Recentemente noi di Steadfast onlus ci siamo imbattuti in un’app, che chiameremo R, che permette di leggere romanzi a puntate. I capitoli possono essere sbloccati per la lettura immediatamente, spendendo delle monete (coins) o attendendo il giorno successivo. Nuovi capitoli, di dimensioni ridotte (bite-sized) vengono aggiunti giorno dopo giorno, lasciando nel lettore un piacevole senso di attesa.

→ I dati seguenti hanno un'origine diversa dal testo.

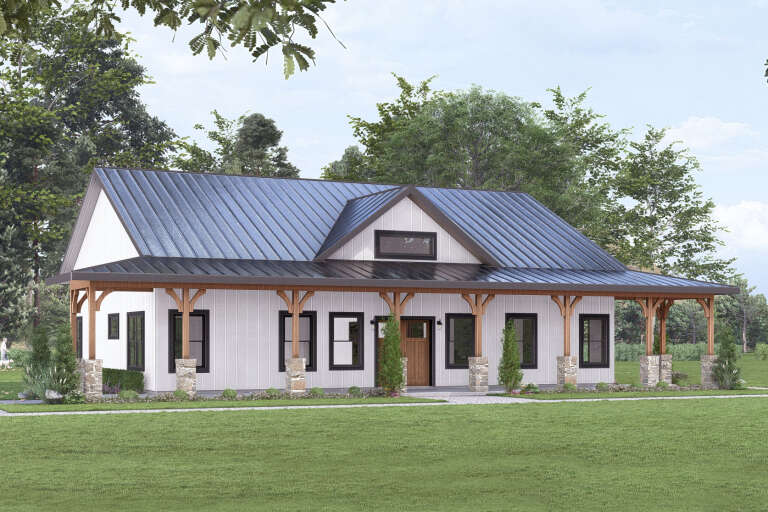 White Modern Farmhouse, Angled Front Elevation, board-and-batten siding, metal roof, stone pillars, wooden porch brackets. House Plan # 3822-00035 Digital Rendering by America's Best House Plans, Inc.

Tra i romanzi proposti, al secondo posto, ben 19,2 milioni di visualizzazioni, ha catturato la nostra attenzione “The Billionaire’s Surrogate”. Ecco la storia:

Emily ha 24 anni, è una studentessa del college, vorrebbe aiutare la propria famiglia a pagare le cure del padre malato, ma le sue condizioni economiche non glielo permettono. E’ così che ha l’idea di candidarsi presso un’agenzia per madri surrogate, La Growing Generations Program.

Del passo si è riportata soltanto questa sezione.